When I am at parking lot speeds, I will press the brakes and it will feel rock hard, but my car will still be moving. I noticed it first when I was in reverse, but it also does it in forward. 

The car is an automatic tiptronic. Has TT front brakes but it did it also with the stock rotors. Pads look fine, but braking could be improved all around. I didn't notice a massive difference with the TT upgrade. 

Does it need a brake flush or a new brake booster? Abs? 

Any ideas or suggestions would be great. Thanks!


----------



## VWBugman00 (Mar 17, 2009)

MaSeDoGG said:


> When I am at parking lot speeds, I will press the brakes and it will feel rock hard, but my car will still be moving. I noticed it first when I was in reverse, but it also does it in forward.
> 
> The car is an automatic tiptronic. Has TT front brakes but it did it also with the stock rotors. Pads look fine, but braking could be improved all around.
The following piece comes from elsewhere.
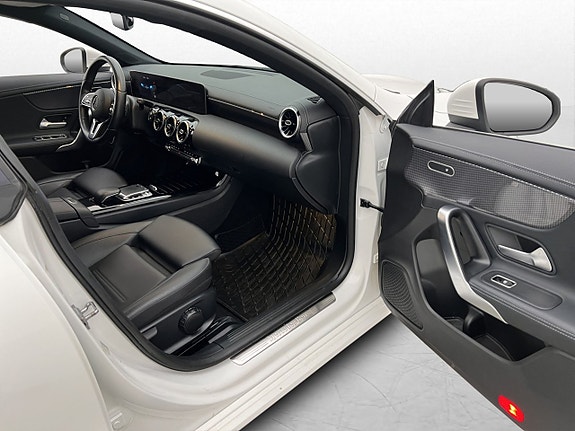 Mercedes-Benz CLA200 d 24 of 30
I didn't notice a massive difference with the TT upgrade.
> 
> ...


First, please stop driving until you've got this figured out. No accidents allowed!

Now, it sounds to me like you may have a vacuum leak on your brake booster. I'd go get some ether (starting fluid) and spray the vacuum line from the booster to the intake manifold while the car is running. If it jumps or hesitates, you've got a leak on that line. Replace it, and check again. If that isn't it, try bleeding it. If it's not that, I'm not sure. Could be a brake booster, and I hope it's not, they're a pain to change.


----------



## DC Jetta Guy (Jul 31, 2004)

Look at this post...it has a pic of what is likely the problem and is easy to fix:

http://forums.vwvortex.com/showthread.php?5951521-What-is-this-hose-for


----------



## KG18t (Aug 9, 2006)

Is the pedal normal at higher speeds? When the pedal is like that at parking lot speeds, is there any accompanying noise? Does it pulse at all?


----------



## MaSeDoGG (Jan 22, 2004)

I meant to report back in this thread. I had another thread made in the MK4 section. 
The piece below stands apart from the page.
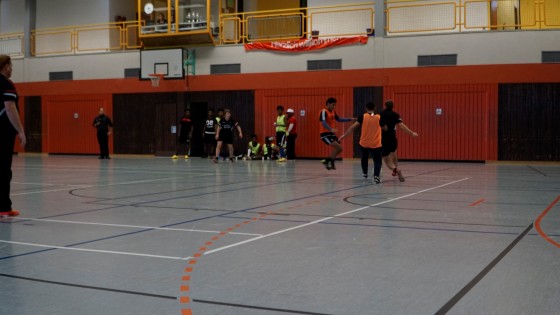 Bilder: Hobby-Fussballturnier mit Flüchtlingen in der Großsporthalle, Bild 248 von 298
It turned out the be a cracked brake booster vacuum pump hose w/ check valve. It is only on cars with automatic transmissions. The pump is located up under the subframe by the downpipe (and is sort of a hassle to get to).

Not exactly sure what the part number on my car was, but it has since been revised and updated to P/N: 1J0612041FQ


I got the hose at ECS for $67.91


----------



## VWBugman00 (Mar 17, 2009)

MaSeDoGG said:


> I meant to report back in this thread. I had another thread made in the MK4 section.
> 
> It turned out the be a cracked brake booster vacuum pump hose w/ check valve. It is only on cars with automatic transmissions. The pump is located up under the subframe by the downpipe (and is sort of a hassle to get to).
> 
> ...


Glad to hear it's fixed :thumbup:


----------